An Investigation of The Use of Dendrimer-Based Carrier to Cross Cellular Barrier

Abstract

Dendrimers are a novel class of highly branched polymers with a high degree of uniformity and monodispersity. As a result of the unique properties and characteristics of dendrimers, they have found a wide range of pharmaceutical applications. This study investigated the ability of polyamidoamine (PAMAM) dendrimer-based drug delivery systems to enhance the permeability of a drug that is a substrate of P-glycoprotein (P-gp) efflux transporter with low water solubility. This thesis described the syntheses, characterisations and biological evaluations of the dendrimer-based drug delivery system to overcome the cellular barriers.

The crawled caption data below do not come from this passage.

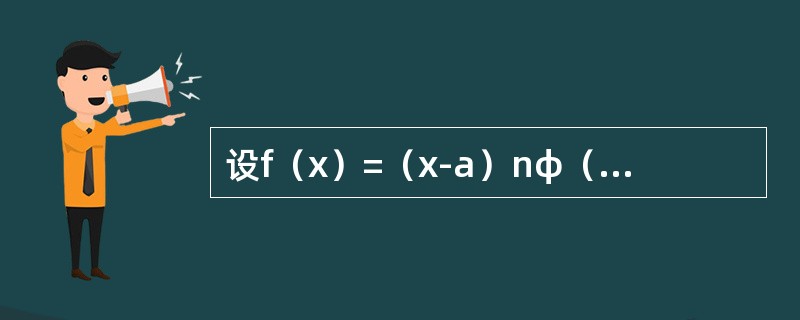 设f（x）=（x-a）nφ（x），其中函数φ（x）在点a的某邻域内具有n-1阶导数，则f（n）（a）=-----------.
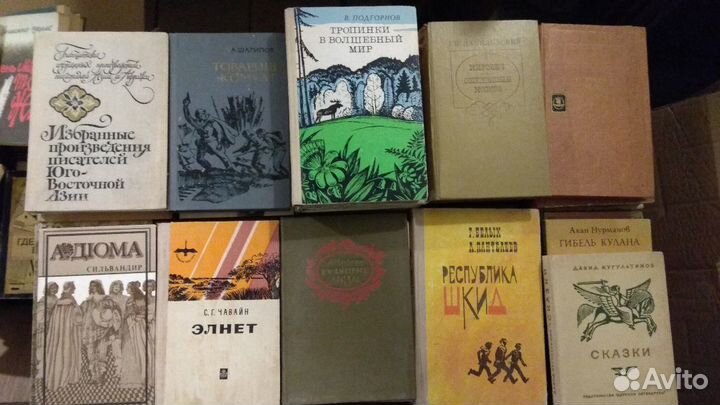 Книги разные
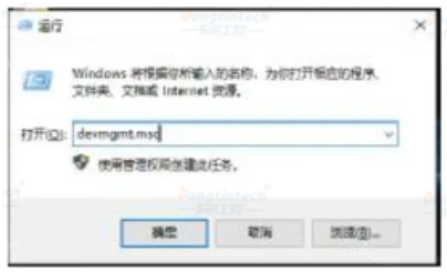 如何修復(fù)工控機(jī)藍(lán)屏錯誤.png
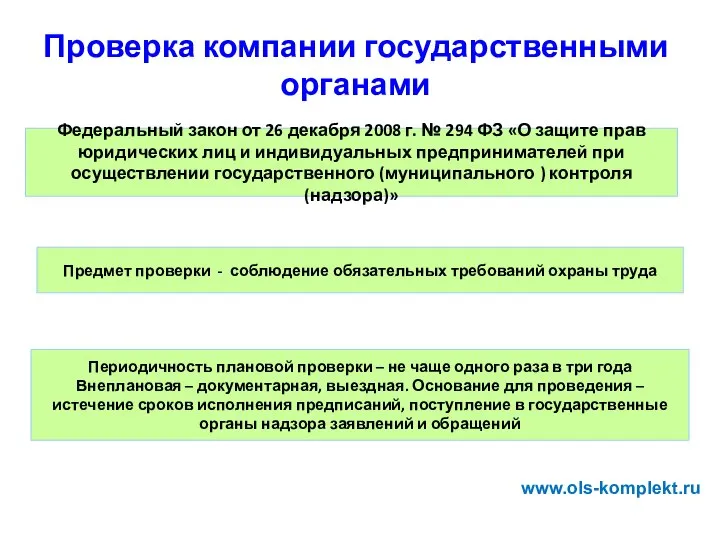 Проверка компании государственными органами Федеральный закон от 26 декабря 2008 г.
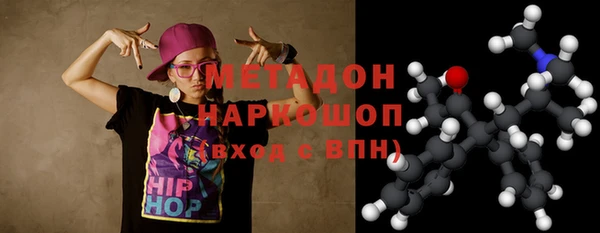 винт Арсеньев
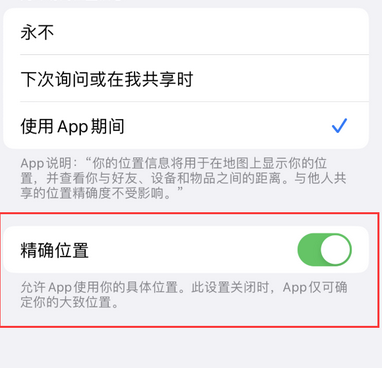 呼伦贝尔苹果服务中心分享iPhone查找应用定位不准确怎么办 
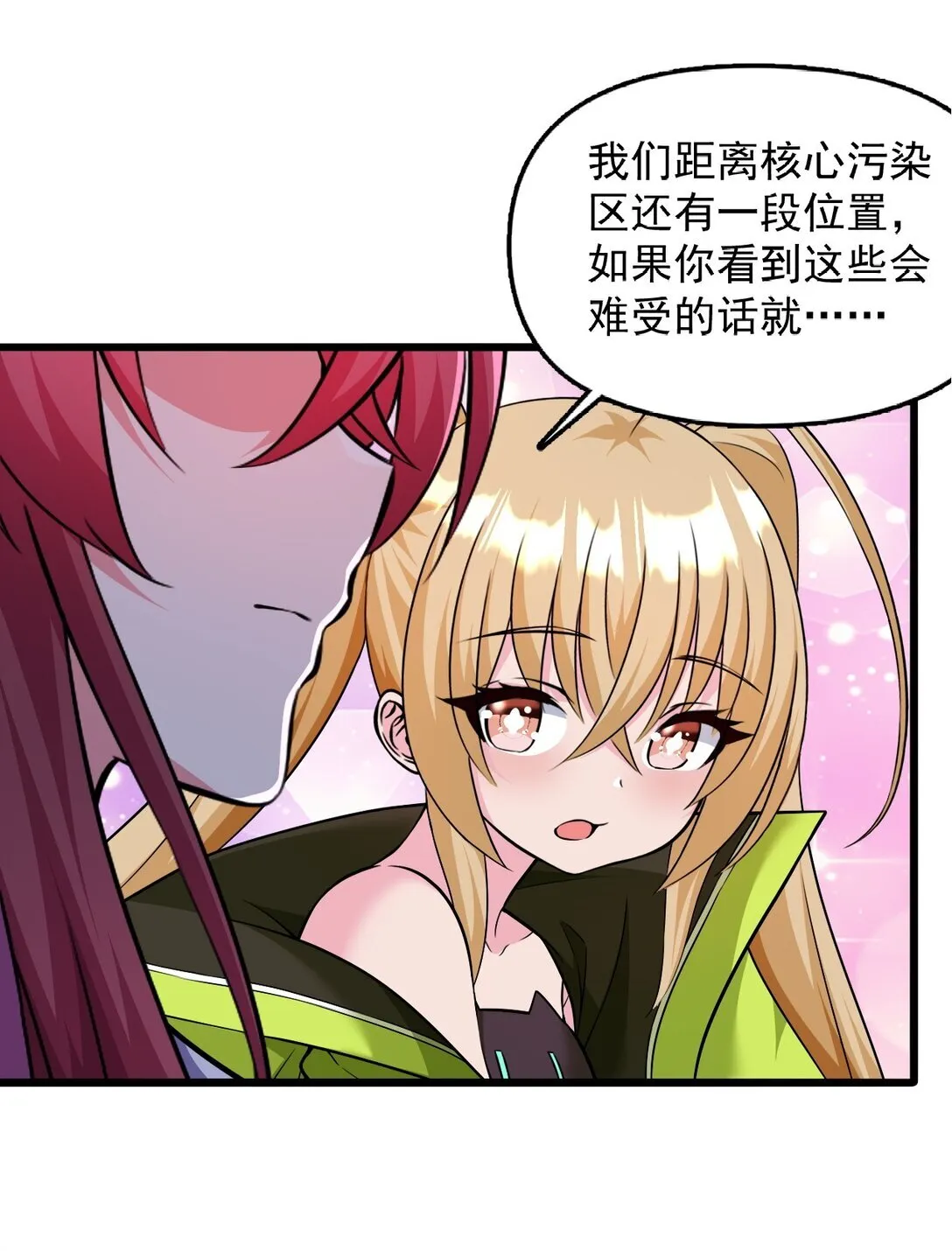 05 少女X前线X指挥43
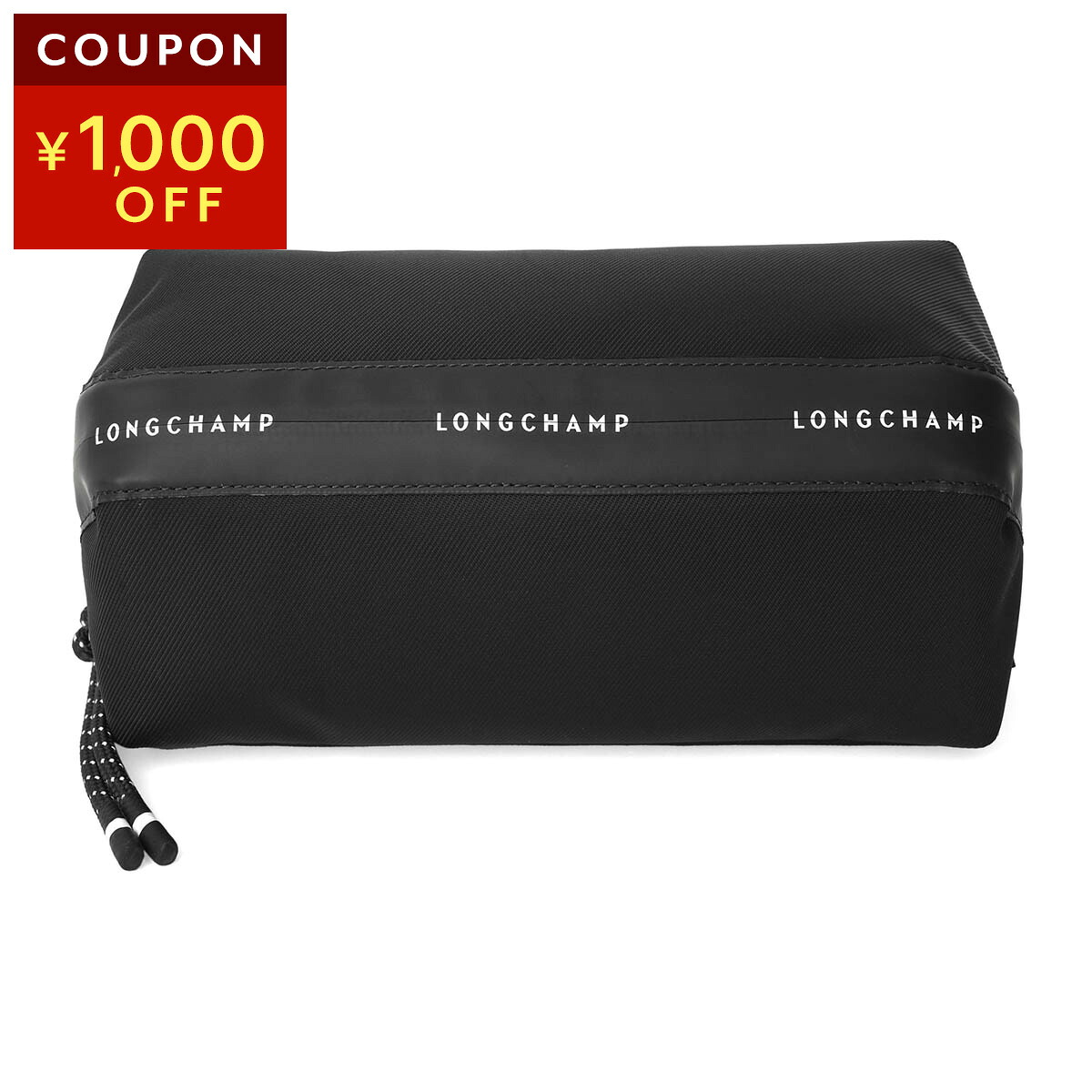ロンシャン ポーチ LONGCHAMP ル プリアージュ エナジー POUCH 30042 HSR 001 レディース ブラック 黒【P5倍★4/18限定！さらに1万円で1,000円OFF★最大5,000円OFFクーポン配布中】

G3 PAMAM dendrimers were conjugated with lauryl chains via a carbamate bond. Paclitaxel, a low water solubility P-gp substrate and anti-tumour drug, was conjugated to G3 and/or lauryl-G3 PAMAM dendrimer conjugates via a glutaric anhydride linker. Unmodified G3 PAMAM dendrimer and all the dendrimer conjugates (lauryl-G3 and G3-drug conjugates) were labelled with fluorescein isothiocyanate (FITC) for quantitative detection by spectrofluorimetry in permeability studies. These conjugates were characterised using various techniques including thin layer chromatography, 1H and 13C NMR, ESI-MS and dynamic light scattering. Chemical stability studies showed that the tested dendrimer conjugate (FITC-G3L6-glu-pac) was stable at all test pHs (1.2, 7.4, and 8.5) after 48 h of incubation at 37oC. The ester bond of the conjugate was stable under several chemical conditions after 10 days of incubation.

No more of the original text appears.